Ilaben attended the first national conference of women’s studies at the SNDT Women’s university’s in 1981, which led to the formation of the Indian Association of Women’s Studies. She was a relentless worker from the beginning. Ilaben began her career as a university teacher of English language and literature at H. K. Arts College, Ahmedabad and was a freelance journalist who wrote on issues concerning women. In the early 70’s she started her crusade against misogyny in Gujarati plays that were rife with double meaning sentences, full of crude and crass jokes/puns that degraded women.
Along with her young colleagues/ students, she established a women’s rights organisation, called the Ahmedabad Women’s Action Group (AWAG) which protested against sexism in advertisement, media and textbooks. They blackened sexist advertisements at public places, staged dharna against a phallocentric play “Putra Kameshti Yagna” to be aired on All India Radio and got the broadcasting cancelled. Her tireless work resulted in the government of Gujarat appointing a committee under her leadership to examine portrayal of sex stereotypes and subordinate status of women in school textbooks.
In 1982, she spearheaded participatory action research project of AWAG to bring out the precarious condition of homeless and miserable tribal migrant workers near railway tracks of Ahmedabad city who eked out a living by collecting coal fallen from engine on the tracks. She started income generation activities for them based on tribal art and beadwork. In 1982, when a tribal woman in Sagbara village of South Gujarat was gang raped she activised the government machinery and took the case to Amnesty International. As a result, all the rapists were punished and the tribal woman got justice. She also led the movement against Patan P T C College for students who were gang raped by their male teachers backed by powerful politicians. Ilaben also supported Manipur’s Irom Sharmila’s agitation against Armed Forces Special Powers’ Act (AFSPA). Her courageous and consistent work among victims of communal riots in 1993 and later in 2002 symbolised her secular humanism.
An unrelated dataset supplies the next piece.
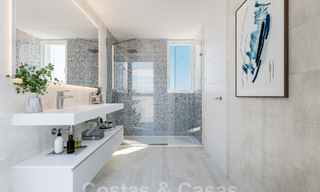Nieuwbouwproject van appartementen te koop grenzend aan de golfbaan met zeezicht nabij Sotogrande, Costa del Sol 62040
She gave great emphasis to documentation, research and training, and AWAG always provided material in local language and case studies and resource persons for capacity building of community workers, elected representatives and youth. From 1986-1992, she regularly wrote for a feminist quarterly in Gujarati, Nari Mukti (Women’s Freedom) that was collectively brought out by feminists of Mumbai, Valsad, Surat, Vadodara and Ahmedabad. To highlight women‘s issues in mainstream politics, she even contested election for Ahmedabad Municipal Corporation in 1990.
Her persuasive style of speaking was her success mantra. She could establish communication with the rich and powerful without getting cowed down by them. She reached out to the weak and marginalised with utmost humility. Ilaben served on many apex bodies to further the cause of women. She was a member of Women Development Cell of Gujarat University that had to perform twin tasks of prevention of sexual harassment and promotion of gender sensitisation in the university and its affiliated colleges. She was a governing board member of Centre for Social Studies, Surat and played an important role in all women centered activities of Gujarat Vidyapeeth.
She was president of India Chapter of Women’s International League for Peace and Freedom and was an active member of Movement for Secular Democracy. In 2012, Ilaben was honoured for her work among poor and oppressed women. Ilaben’s four decades of pioneering work will always inspire women activists to keep the torch of women’s rights burning in today’s volatile circumstances.